On Tue, Jul 13, 2004 at 09:30:21AM -0400, Albert Cahalan wrote:
> On Tue, 2004-07-13 at 10:18, Sven Luther wrote:
> > On Tue, Jul 13, 2004 at 06:58:21AM -0400, Albert Cahalan wrote:
> > > On Tue, 2004-07-13 at 07:15, Sven Luther wrote:
> > > > On Mon, Jul 12, 2004 at 10:29:25PM -0400, Albert Cahalan wrote:
> > > 
> > > > > Just yesterday I grabbed a plain 2.6.8-rc1 kernel
> > > > > from www.kernel.org/pub/linux/ and it works great
> > > > > on my Mac Cube. Perhaps you should try that.
> > > > 
> > > > And what about kernel-image-2.6.7-powerpc ? Does it work fine also ? And
> > > > if not did you fill a bug report. If yes, what motivated you to build
> > > > your own kernel over using the debian provided one ?
> > > 
> > > I never trust distribution-provided kernels. They are
> > > often full of questionable patches, obsolete, and way
> > > too generic for my taste. They might not even use the
> > > larger 12x22 console font.
> > 
> > Bah, whatever. try to stay current, the current trend is to have most
> > debian patches either dropped, or merged upstream. Furthermore, there
> > are some upstream kernel maintainers part of the kernel team since a few
> > weeks, and i believe they probably have a better judgement about patches
> > than even you do.
> 
> If you have anything good, post it to the linux-kernel

Well, christoph has been forwarding most stuff upstream, since he is
also a kernel developer, i tend to let him do that.

> mailing list.
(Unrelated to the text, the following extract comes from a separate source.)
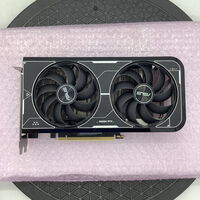 中古  ASUS DUAL-RTX3060TI-8GD6X（RTX3060Ti 8GB） 3480041986 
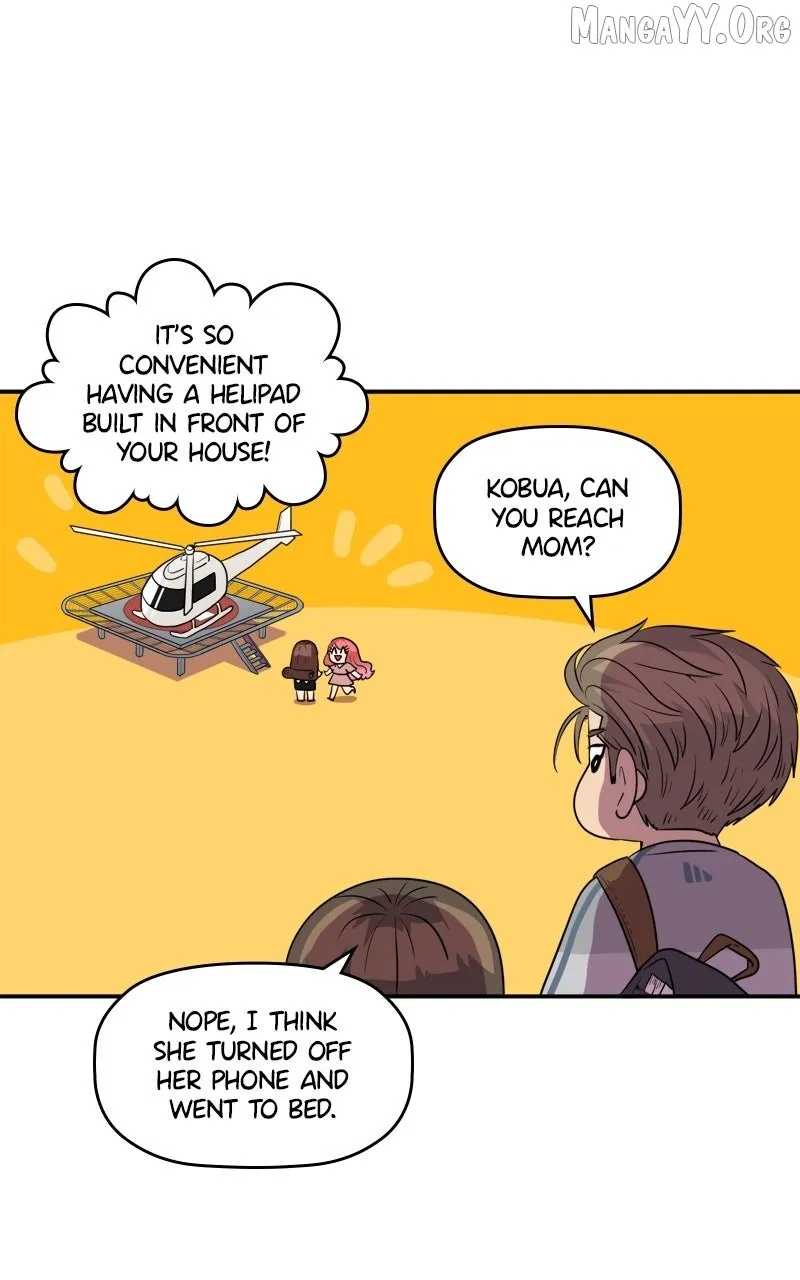Take My Money Chapter 109 page 43 -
Perhaps you could also put the bare patches
> on a web page somewhere. On this list, it would be nice
> to hear when patches are added/removed from the collection
> and why.

Well, the kernel svn is at : 

  http://svn.debian.org/viewcvs/kernel/trunk/kernel/

And the patches, both arch-indep ones and powerpc, can be found in :

  http://svn.debian.org/viewcvs/kernel/trunk/kernel/source/kernel-source-2.6.7-2.6.7/debian/patches/

and in :

  http://svn.debian.org/viewcvs/kernel/trunk/kernel/powerpc/kernel-patch-powerpc-2.6.7-2.6.7/patches/

As you see, most of the patches are in the generic kernel tree now, and
many of those will go away once 2.6.8 is released.

All subversion commits are logged, at the debian-kernel list, but will
get a separate list later on, i think.

> > As for obsolet, well, that is a bit ridicoulous, as
> > 2.6.7 is the latest release, and it includes some backport of patches
> > that will go in 2.6.8.
> > 
> > As for the genericness, since most of the stuff is being modularized,
> > this is no more the case. And if you have some trouble with the config,
> > please fill bug reports.
> 
> I'm not suggesting that the Debian kernel is done poorly.
> It has to work for everybody though, and thus isn't optimized
> for me.

Bah, optimized ? What is the difference between stuff you don't compile
in and stuff that is modular but you don't load ? 

> It's nice just copying 3 files to install. It's nice to
> not concern myself with /etc/*mod* and /lib/modules.

Well, you should not, it should just work. This is not yet really the
case, but we are working on it.

> > > The 2.6.7 kernel is certainly obsolete now that
> > > 2.6.8-rc1 is out. :-)  I'm only half kidding; the
> > > newer kernel has lots of nice fixes and isn't
> > > generating lots of bug reports.
> > 
> > So ? when 2.6.8 will be released, we will package it.
> 
> Sure, but I want the new stuff NOW. :-)

Ok, fine enough.

> > > I know exactly where my kernel is, and exactly where it
> > > came from:
> > > 
> > > make menuconfig
> > > make vmlinux
> > > mv System.map-2.6.8-rc1 /boot
> > > mv vmlinux-2.6.8-rc1 /boot
> > > cp config-2.6.8-rc1 /boot
> > > joe /etc/yaboot.conf
> > > ybin
> > 
> > Yes, sure, but you also do know the same about the debian kernel. OR at
> > least you could.
> 
> Sometimes I simply must run the latest official kernel.
> I may need to test procps on it or create a patch for Linus+AKPM.
> Thus, I must be familiar with this way of handling kernels.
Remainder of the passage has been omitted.